The Constitution Party’s Constitution

With Mitt Romney wrapping up the Republican nomination, many conservative evangelicals may be tempted to vote for the Constitution Party instead of for Romney. After all, if Romney’s just a go-along big-government liberal in disguise, we might as well support someone who be faithful to the Constitution.

If that’s your motive, don’t vote for the Constitution Party.

No, this is not going to be a “don’t throw your vote away” post. Instead, I’m going to do what is not done very frequently. I’ll engage with the Constitution Party platform on its merits. It wants to be taken seriously, so I will take it seriously. For the sake of argument, I’ll assume for this post that the party has a chance of winning. What would it do if it took power? Would we return to the Constitution? Well, only if you exclude the seventeen amendments adopted after the Bill of Rights (as well as some other significant portions of the original document).

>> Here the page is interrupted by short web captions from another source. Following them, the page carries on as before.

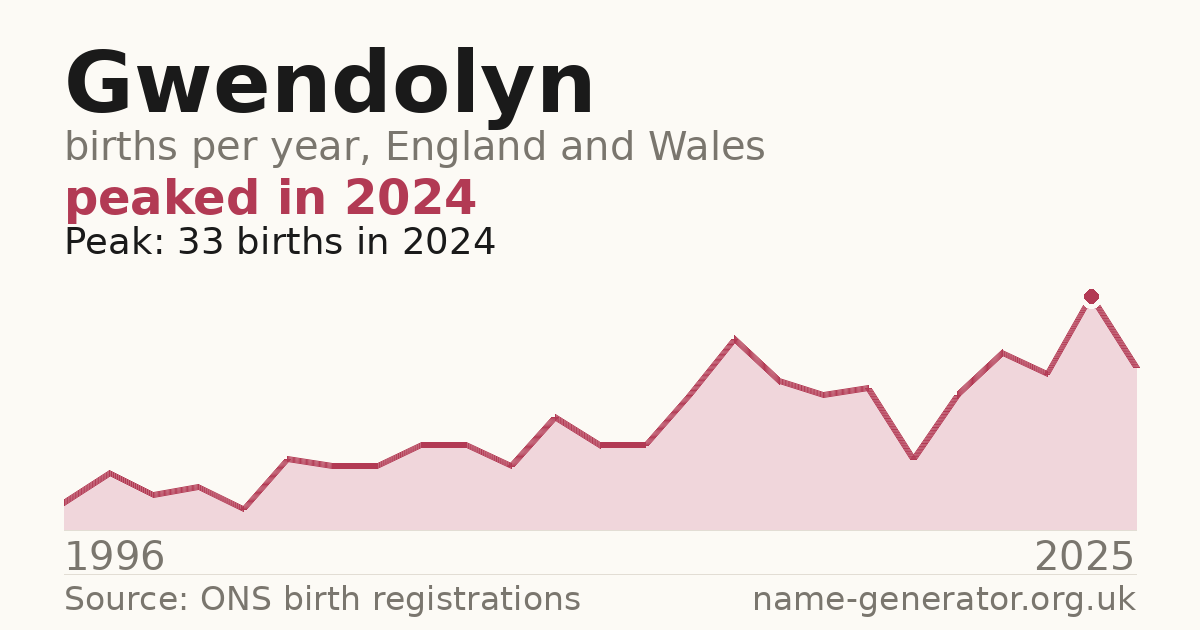 Chart: babies named Gwendolyn per year in England and Wales, 1996 to 2025, peaking at about 33 in 2024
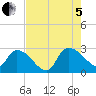 Arundel Plantation tide chart for Friday, August 5, 2022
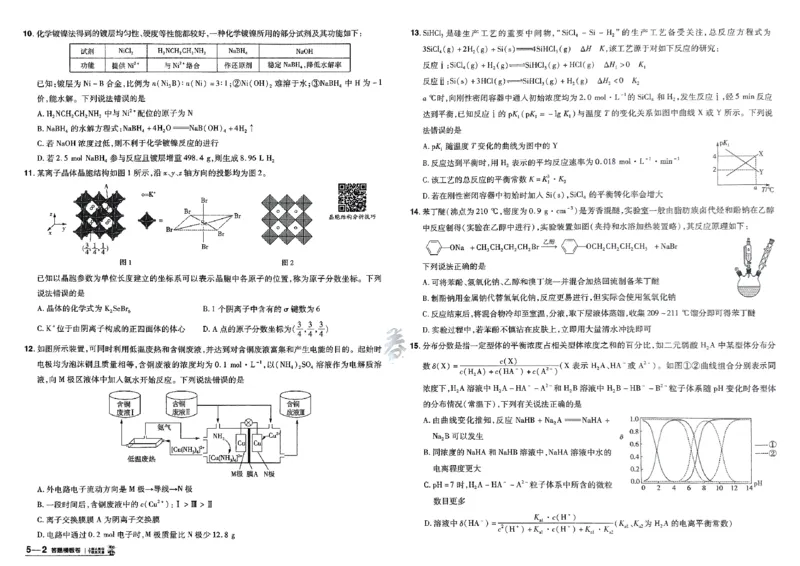 化学（全国版）：加练答题模板卷_2026版高考《金考卷45套》新高考（化学）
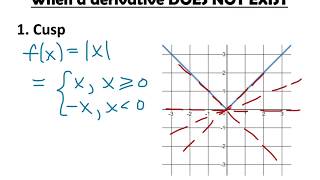 When a derivative does not exist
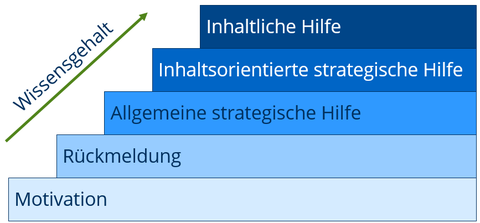 Stufenmodell-minimale-Hilfe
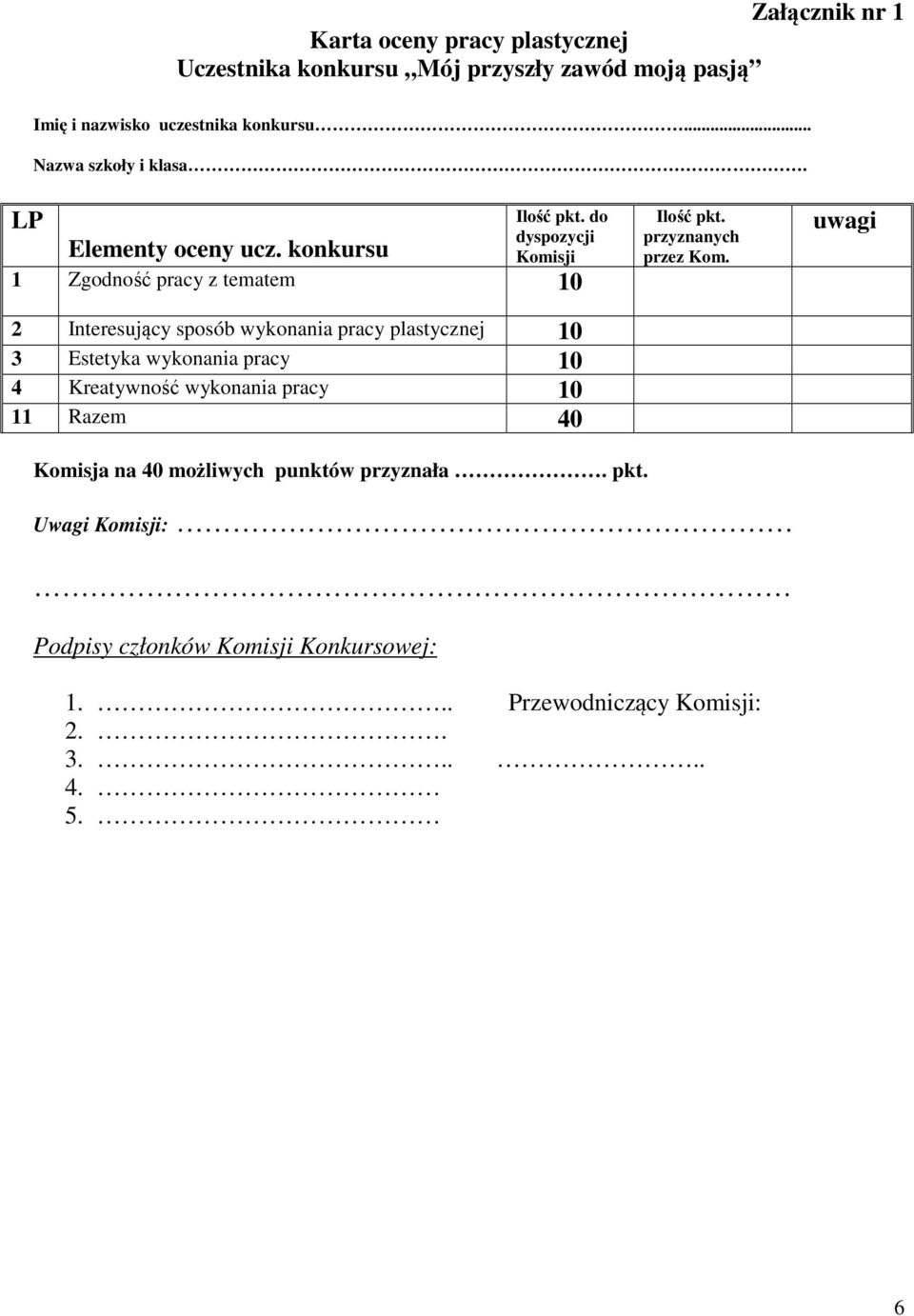 do dyspozycji Komisji 1 Zgodność pracy z tematem 10 2 Interesujący sposób wykonania pracy plastycznej 10 3 Estetyka wykonania pracy 10 4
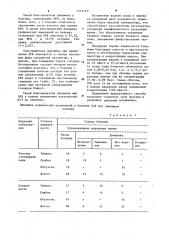 Способ лечения больных системной склеродермией (патент 1113119)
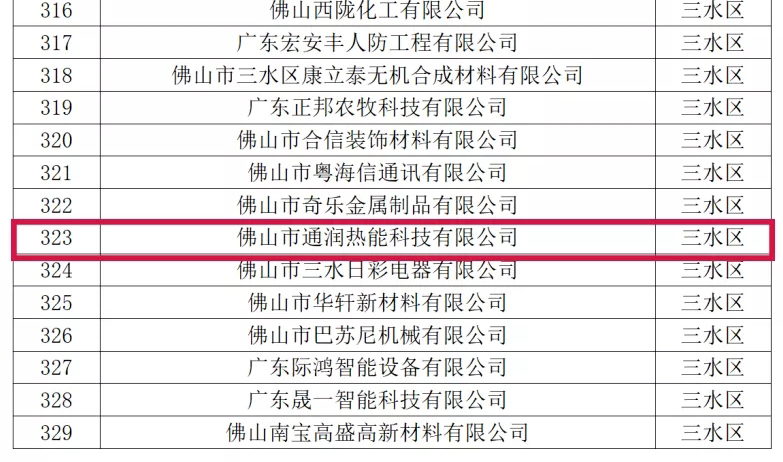 喜訊！熱烈祝賀通潤熱能科技被評(píng)為2021年佛山市專精特新企業(yè)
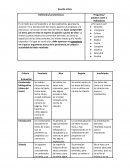 Reseña Crítica.Definición/características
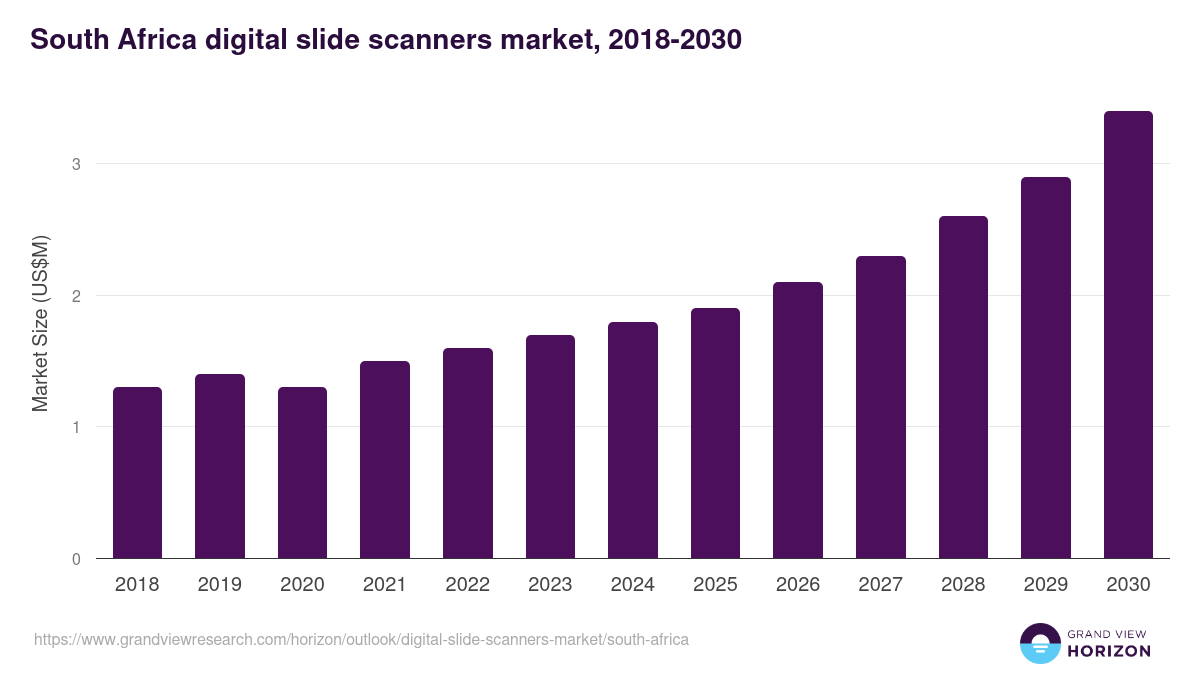 South Africa digital slide scanners market, 2018-2030 (US$M)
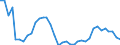 Flow: Exports / Measure: Values / Partner Country: World / Reporting Country: New Zealand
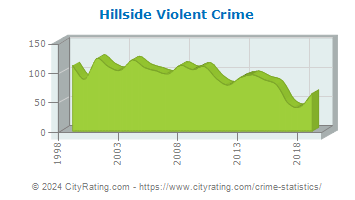 Hillside Township Violent Crime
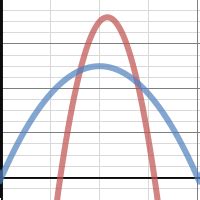 system of linear equations | Desmos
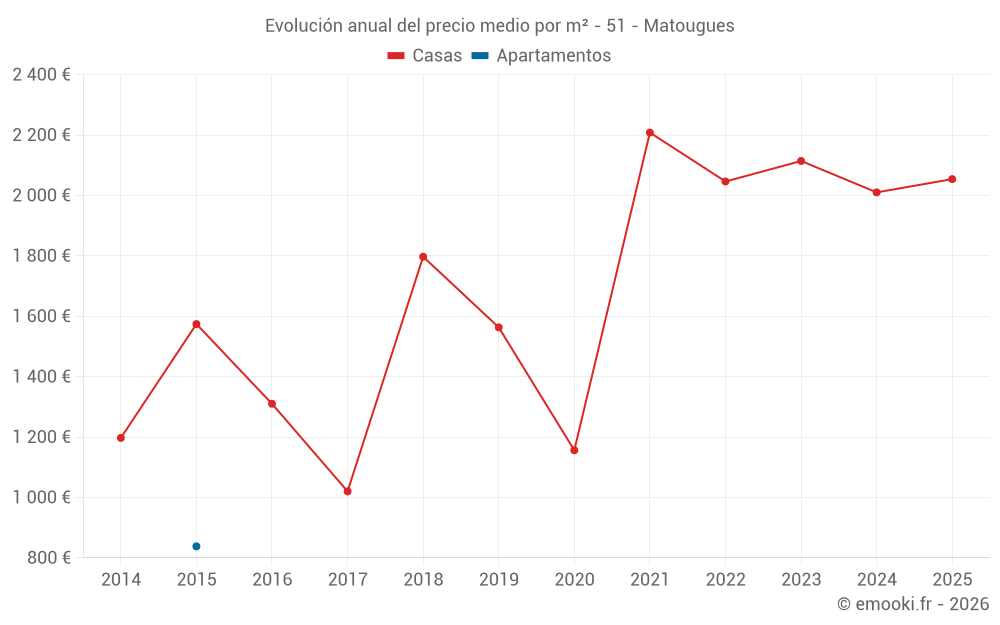 Evolución anual del precio medio por m² - 51 - Matougues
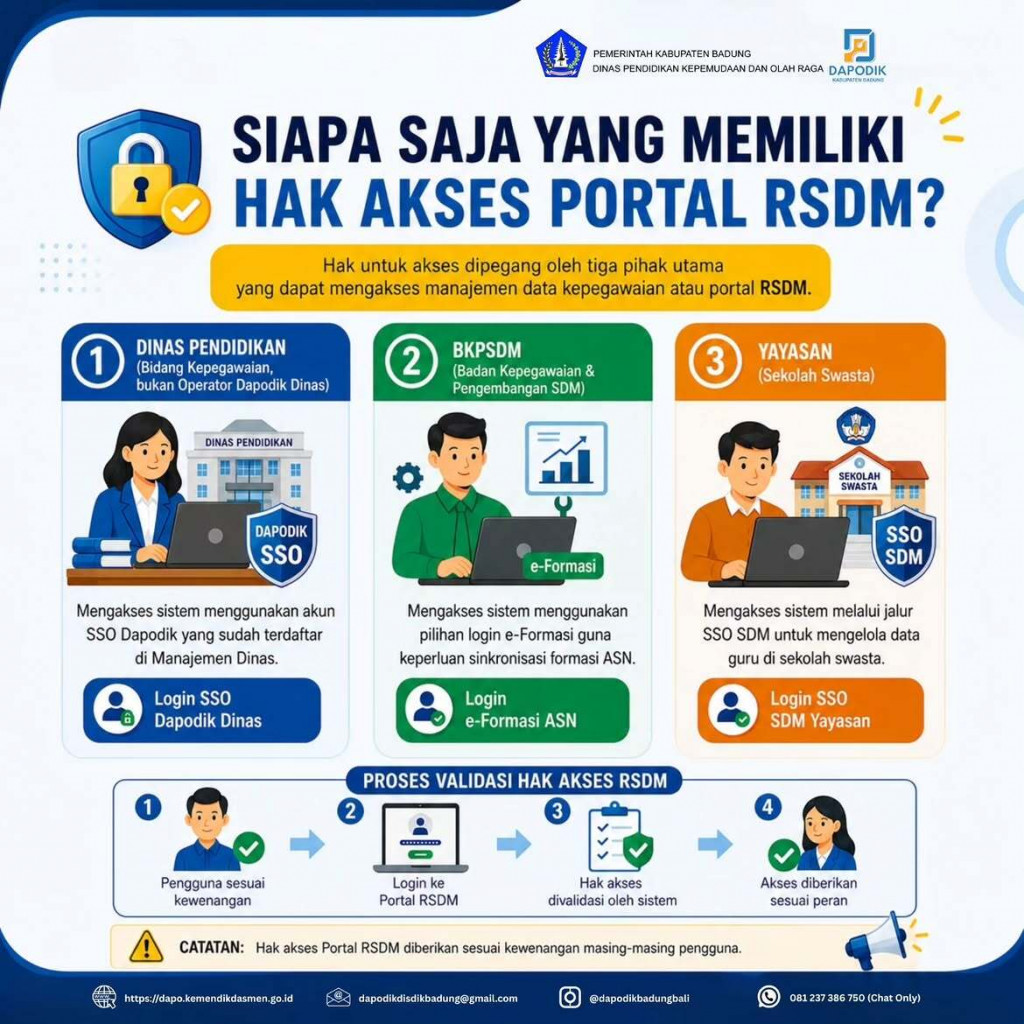 Disdikpora Badung Jelaskan Pembagian Hak Akses Portal RSDM, Operator Dapodik Dinas Tidak Berwenang Mengelola Data Kepegawaian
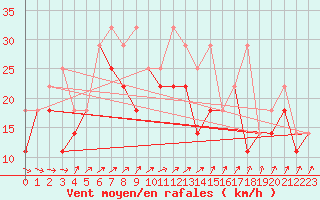 Courbe de la force du vent pour Leba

Since it was originally written, our Constitution has been amended 27 times. Those amendments change the text and meaning of the Constitution itself. The first ten amendments we know as the Bill of Rights. The Constitution Party (mostly) loves those amendments. The rest, however, are strangely absent from its platform.

In fact, a search of the platform shows that the only two post Bill of Rights Amendments to get any mention are Sixteen (income tax) and Seventeen (direct election of Senators). Both are specifically targeted for repeal.

Now some of the missing amendments are rather insignificant or technical. Eleven, for example, deals with the jurisdiction of the federal courts. Twelve makes minor adjustments to the method of electing the President. Eighteen and Twenty-One cancel each other out (prohibition and repeal). So it’s not surprising that these don’t get any mention in the platform.

But others are incredibly significant. Such as the Fourteenth Amendment. (In fact, not only is the Fourteenth Amendment never mentioned in the platform, a search of the party’s website using both their built in search and Google returned no results.) It really should be mentioned in the following planks:

  • Abortion. The platform (rightfully, I might add) holds that abortion may not be legalized on either a federal or state level. In doing so, it uses the Declaration of Independence, the Preamble to the Constitution, and Congress’ Constitutional duty to ensure that every state have a republican form of government. What it doesn’t use is the Fourteenth Amendment, which reads “nor shall any State deprive any person of life . . . without due process of law.” Of all possible Constitutional provisions, that one is the strongest for the pro-life argument. So why does the “Constitution” Party not include it?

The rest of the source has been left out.